Leonel Messi tiene una personalidad introvertida, le cuesta expresarse y cuando lo hace su lenguaje corporal denota el esfuerzo que hace con “fugas de nerviosismo” al rascarse la nariz, la cabeza y evitar el contacto visual con el reportero, lo cual contrasta con su extraordinaria capacidad y talento como futbolista.

Las habilidades futbolísticas tienen que estar alineadas con habilidades sociales de interacción e impacto. No todo es futbol. Evidentemente, no todos los futbolistas desarrollan éstas últimas capacidades al no rodearse de la gente adecuada que puede ver su desarrollo más allá de lo económico.

Precisamente una de las habilidades que tiene que desarrollar un futbolista de alto calibre como el argentino, es el manejo responsable de sus finanzas personales. Ésta no es tarea del papá, ni de la familia o representante, ya que al no ser los expertos, sus recomendaciones no serán objetivas.

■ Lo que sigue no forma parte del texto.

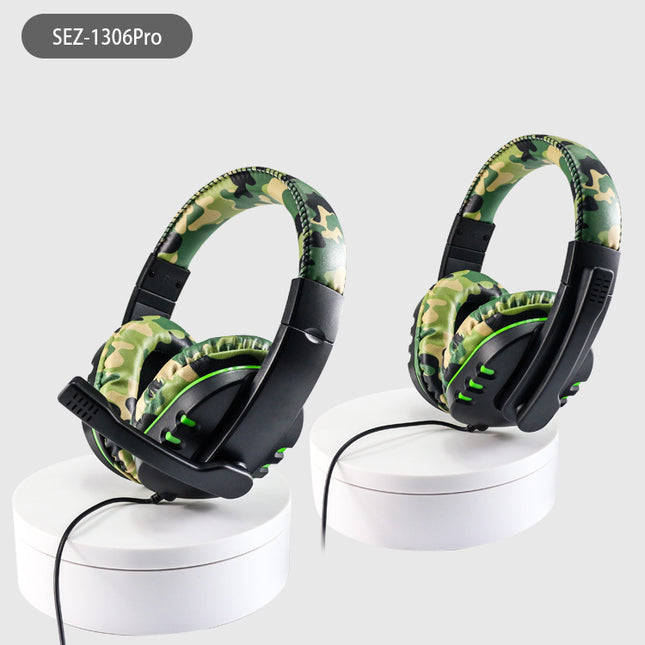 Camouflage Green Over-Ear Wired Gaming Headset with Microphone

Al darse a conocer la noticia del fraude fiscal, la imagen de Messi queda golpeada y comienza a asociarse con trampa, transa, corrupción y un sin fin de características negativas, por lo que aquí resulta útil y efectivo una estrategia de manejo de crisis en la que se investigue qué tanto impactó este hecho en su reputación. Su carrera lo agradecerá.

En ocasiones lo futbolístico puede ensombrecer los conflictos por los que esté pasando un deportista, sin embargo, en estos momentos Leonel no está teniendo un buen momento.

Si Messi capitaliza bien este evento que afecta su imagen, sumado a la crisis deportiva por la que atraviesa, veremos a un Messi fortalecido que la ayudará a ganar más títulos con su club y selección.